I use the word “news” advisedly here, since I wanted to draw your attention to two blogs of note … they are “news” because I read them in my news reader, how’s that? Google Reader has a “trends” page that offers stats about your reading habits. One thing stood out: most of the subscriptions on my “Top Ten” list (sorted by how many posts I actually read, as opposed to ones I skipped) go unread by me. For instance, I subscribe to Lifehacker, and they crank out a lot of posts each day, but I only read 18% of those posts.
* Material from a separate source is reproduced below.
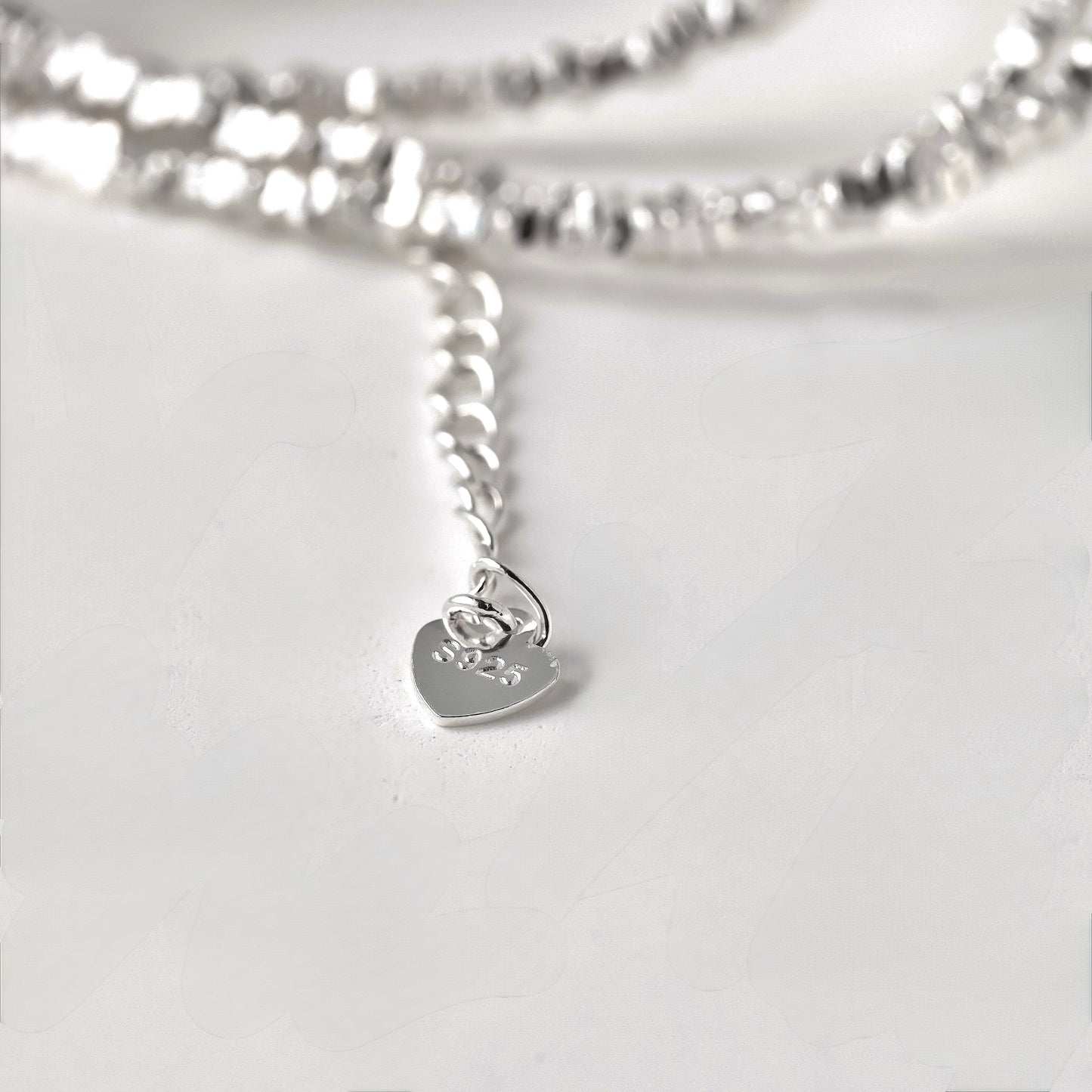 close-up view of heart shaped tag with S925 stamp at the end of the extender chain of the silver necklace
One blog I have mentioned before is “A plain blog about politics” by Jonathan Bernstein. I bring it up again here because while Jonathan doesn’t post as often as Lifehacker (there’s only one of him, and lots of people on Lifehacker), I have read 100% of what he has written. This is, as you can imagine, a record. I mentioned to Jonathan earlier today that when I was listening to some pundits on the radio, I knew more about what they were discussing because I had his blog for background material. His writing on the process of creating a health-care reform measure has been fascinating. I admit that at times I want to pull my hair out as I read him … he understands the process in some detail, and he is always looking several steps down the road, while I want things done now, exactly my way. The result is that I am reading more about mainstream Democratic thought than I have in years, and while I differ at times from Jonathan on philosophies, I have a much better understanding of how someone could come to a reasoned position as a centrist.
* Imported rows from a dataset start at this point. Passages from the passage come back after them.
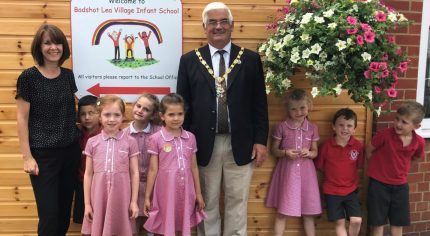 School children and the Mayor stand next to a large hanging basket.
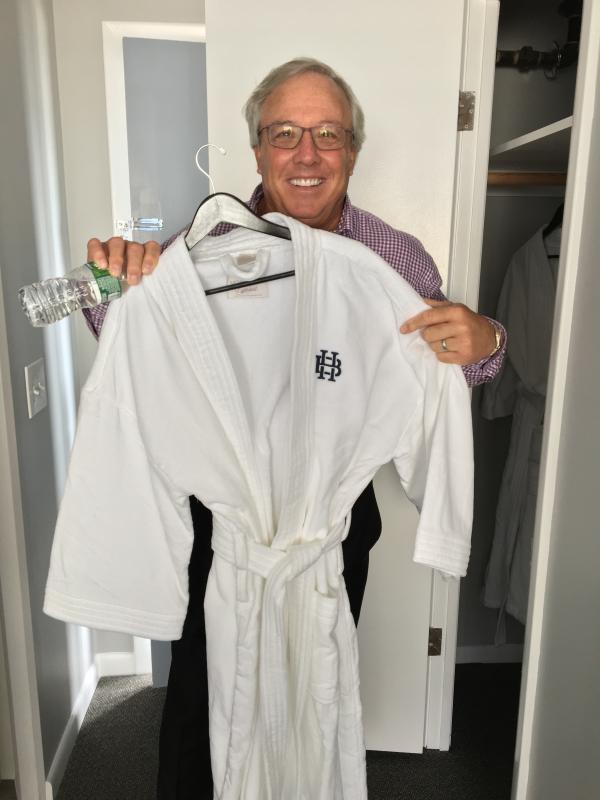 Paul Coulombe shows off one of the luxurious bathrobes that are provided in the rooms at the Boothbay Harbor Oceanside Golf Resort. SUZI THAYER/Boothbay Register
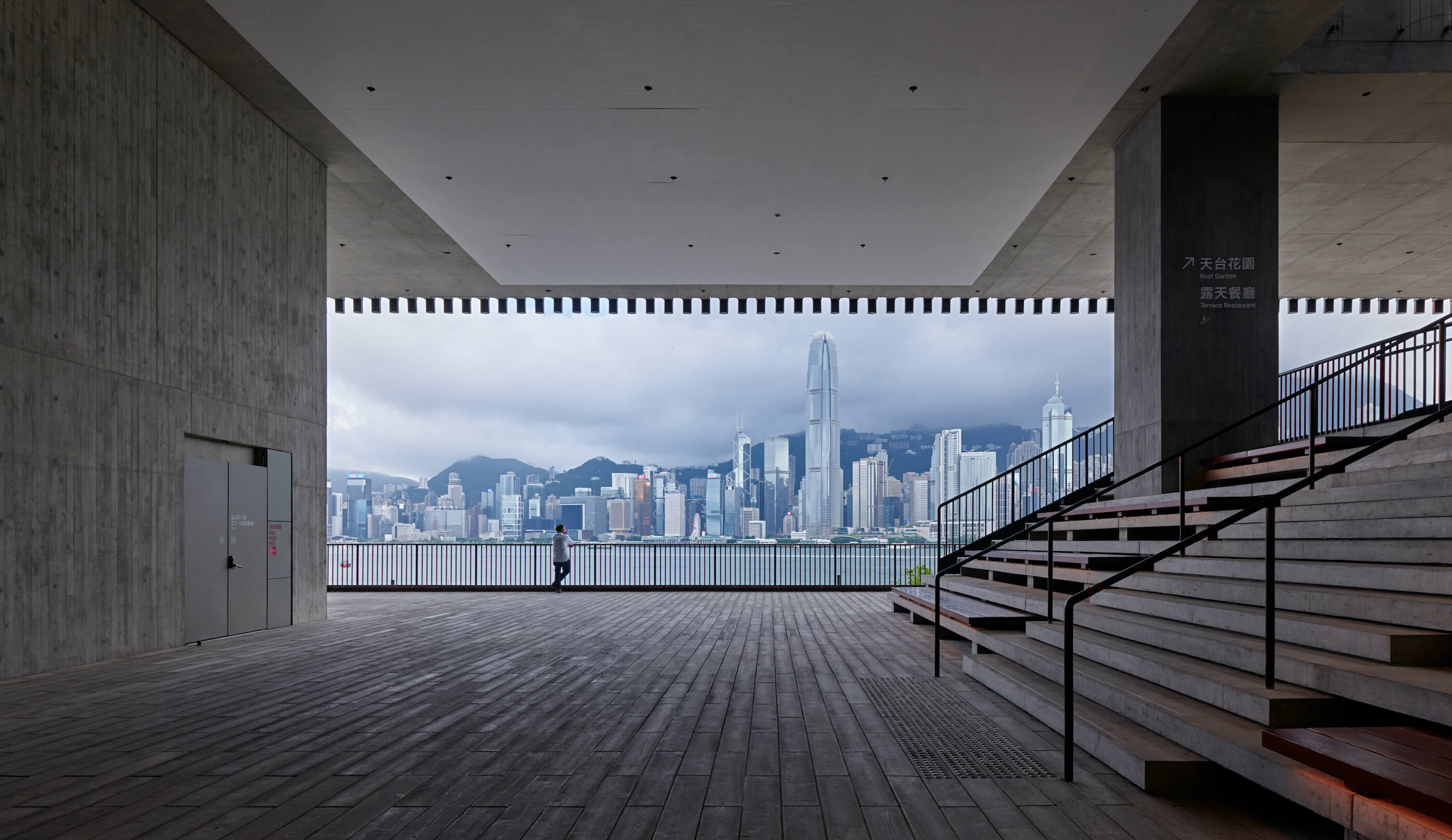 view of hong kong skyline from a museum terrace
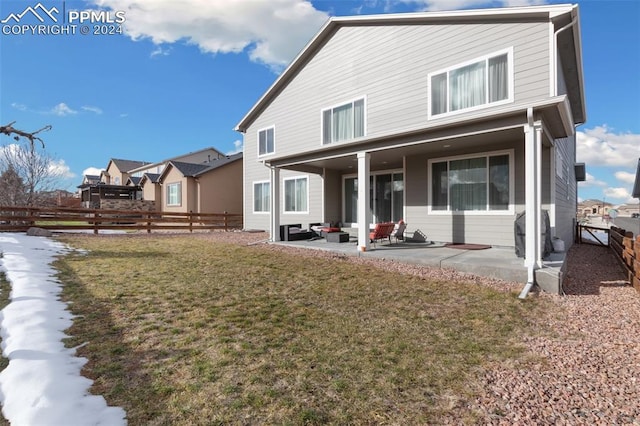 back of house featuring a lawn and a patio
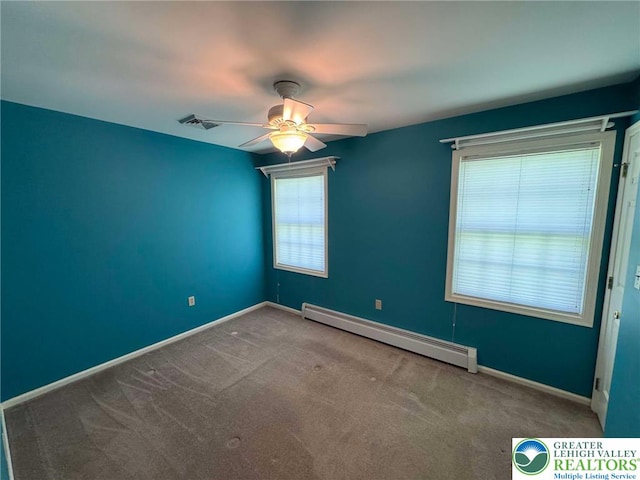 unfurnished room featuring carpet floors, a baseboard radiator, ceiling fan, and visible vents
I’d also like to mention a site where I have read 97% of what they post. To be honest, I don’t know where that other 3% went, because I love “If Charlie Parker Was a Gunslinger, There’d Be a Whole Lot of Dead Copycats” and read it religiously. It’s not the kind of site that would end up in these “news” posts of mine … the posts are made up almost entire of pictures (photos, usually) with no comments other than identifiers (although there is a comments section where people can chime in). The folks at this site (five people are listed, but I tend to associate it with “Tom Sutpen”) offer what they call “An Ongoing Series of Cultural and Personal Observations.” The posts fall into a wide variety of categories that are thematic in nature … “Norman Rockwell Saved from Drowning,” “Artists in Action,” or “Tricky: Scenes from a Life.” Sometimes you’ll see something you recognize, other times you’ll find something new-to-you and perfect.
Google Reader doesn’t lie … these two sites are always worth checking out.